# Ringtail cat



## Elina (Jul 22, 2009)

http://www.members.shaw.ca/petitepaws/ringtailpix.html 
http://www.members.shaw.ca/petitepaws/ringtailpix.html
Okay I have never seen these before, or at least I do not think I have. They are adorable!
Are they legal in the UK?
Do any of you keep them or know of a zoo with them?
-
Elina


----------



## pookey (Nov 29, 2009)

*wow*

o wow it looks like a cross between a kinkajoo/lemur and a brush tailed possum! I havent seen them before.


----------



## Elina (Jul 22, 2009)

> *The Ringtail cat is not a true cat, but the smallest member of the Procyonids, the raccoon family. The Ringtails cousins are: Giant Pandas, Raccoons, Coatimundi, Red Pandas, Kinkajou and its larger look-alike cousin, the Central American Cacomistle.
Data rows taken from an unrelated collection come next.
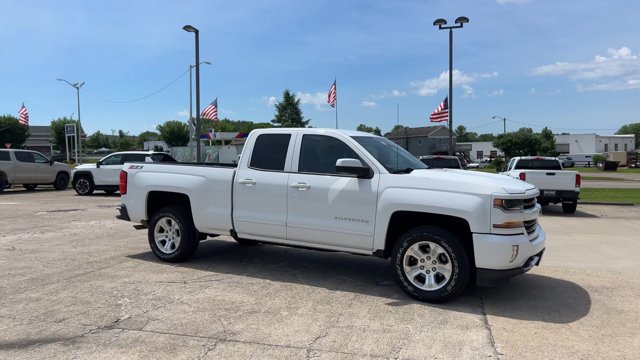 Used 2017 Chevrolet Silverado 1500 LT w/ All Star Edition AWD/4WD image 2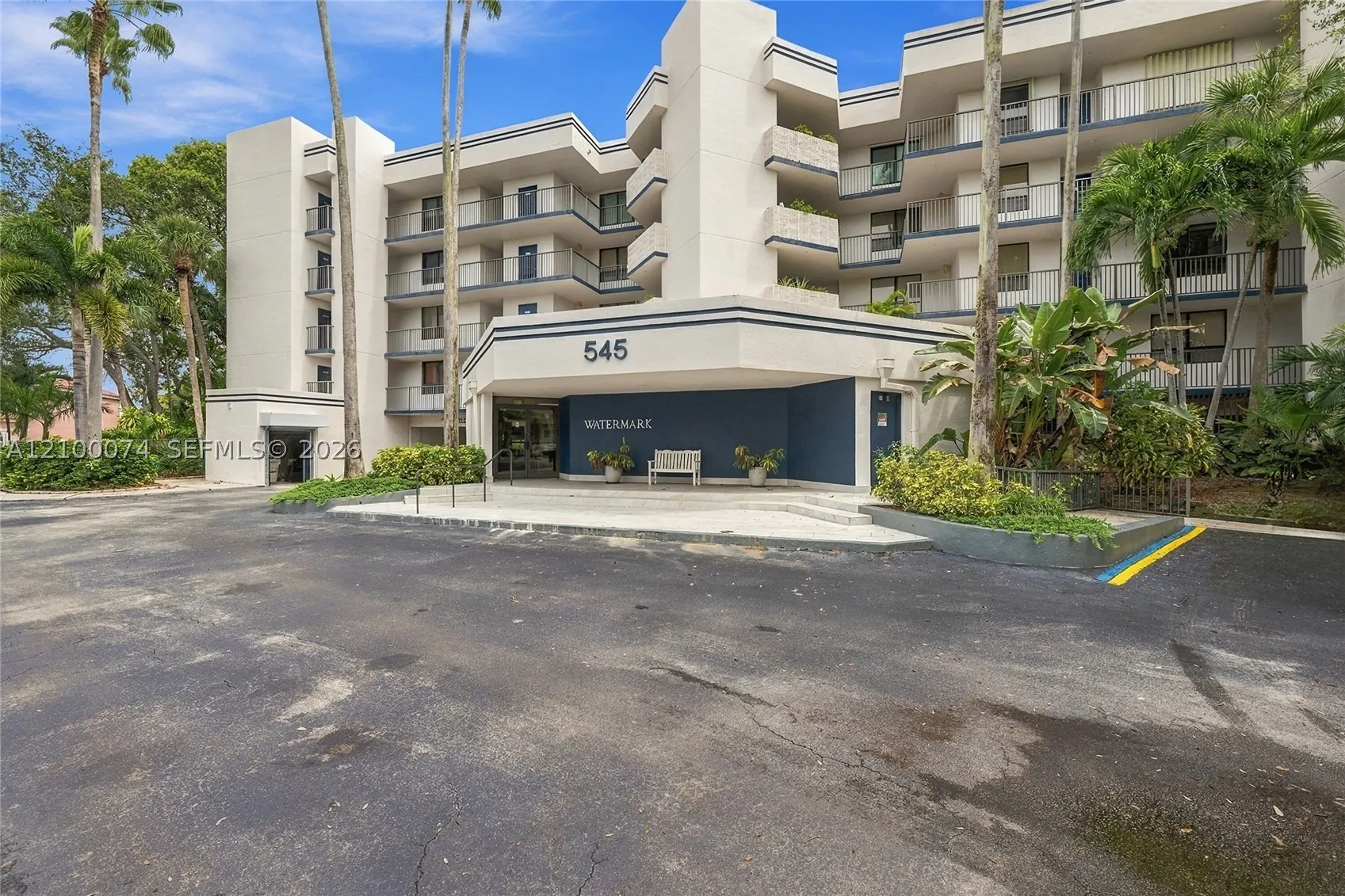 545 SE 12th St #205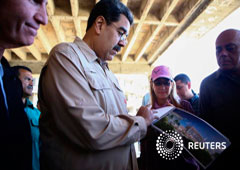 El presidente venezolano Nicolás Maduro y su esposa Cilia Flores visitan el sitio donde se construye un complejo hotelero en Caraballeda, Venezuela, 2 de marzo, 2019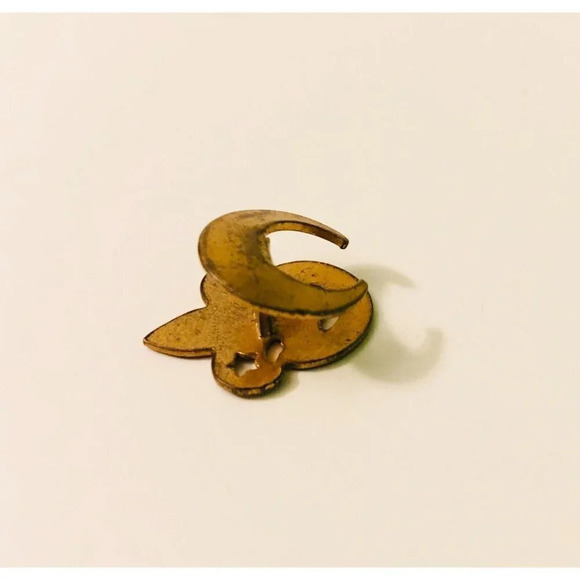 Vintage Boy Scout Pin  Button Hole Lapel - Picture 3 of 7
The Ringtail cat and the Cacomistle are often mistaken.*




Or so it says on the site.
I thought that was quite interesting as I know that a few people on here keep quite a few of the above listed.
-
 Elina


----------



## stubeanz (Mar 28, 2007)

not sure if any are kept privately but i heard that they are quite hard to keep in captivity, very cute animals though.
as to wether they are legal.... any animal is legal in the uk with the right legislation and licenses although im not sure wether these are DWA i wouldnt have thought so as kinkajou were taken off and these are alot larger than ringtails.
stu
ps giant panda arent relatives of ringtails but all the rest are : victory:


----------



## xxx_phoenix_xxx (Sep 25, 2009)

i love ringtails!!!:flrt:

i'm sure edinburgh zoo keep these! havn't been there in ages


----------



## Matt Lusty (Aug 20, 2008)

I believe these came off the DWA when Kinks, Coati's and the others did. As far as I'm aware there are none in the UK kept privately. I would love these myself.


----------



## slinkycustard (Nov 24, 2009)

i want one:flrt:


----------



## xvickyx (Jul 21, 2009)

How cute are they!!!


----------



## biffymilk (Mar 8, 2009)

*hey*

i was lucky enough to c these and touch them wen i was in vegas ther wif wrk for 3 months we went out to hoover dam one nite and these wer everywer on side o rocks il try and get pics looked out came rite up to my hand il b goin out in january again so il try get mre pics and c these again ther also known as miner car they used to use them to keep mice out o ther rooms these are kept as pets in america everywer


----------



## Elina (Jul 22, 2009)

In January try to bring me one back in your suit case okay?:lol2:
-
Elina


----------



## biffymilk (Mar 8, 2009)

*lol*



Elina said:


> In January try to bring me one back in your suit case okay?:lol2:
> -
> Elina


haha no bother hun il try my best but i fink american customs mite get me lol:whistling2:


----------



## Elina (Jul 22, 2009)

Damn!
:lol2:
-
Elina


----------



## gazz (Dec 9, 2006)

Elina said:


> *Giant Pandas.*


This Giant panda bit is wrong.Giant pandas are bear's and there for a member of the bear family-(Ursidae).Racoons,Ringtail cats,Coatis'etc are not bears they are a member of the family-(Procyonidae).Red panda was first put in the-(Ursidae) family group.Then it was put in the-(Procyonidae)-family group for a short time.However the Red panda have now been put into a family group of there own of-(Ailuridae) so are nither (Ursidae) or (Procyonidae) but the Red panda is more related to the (Procyonidae) family group.Even though the Red panda and Giant panda share several traits.This is nothing more than Convergent evolution due to them sharing the same type of diet,Bamboo.


----------



## Elina (Jul 22, 2009)

I know, like I said though it's just what the site said.
I guess if not knowing the latin names etc it would be easy to think they were related if you just went on looks.
Must admit half the reason I posted that quote is as I wondered how many of you would notice that hehe.
-
Elina


----------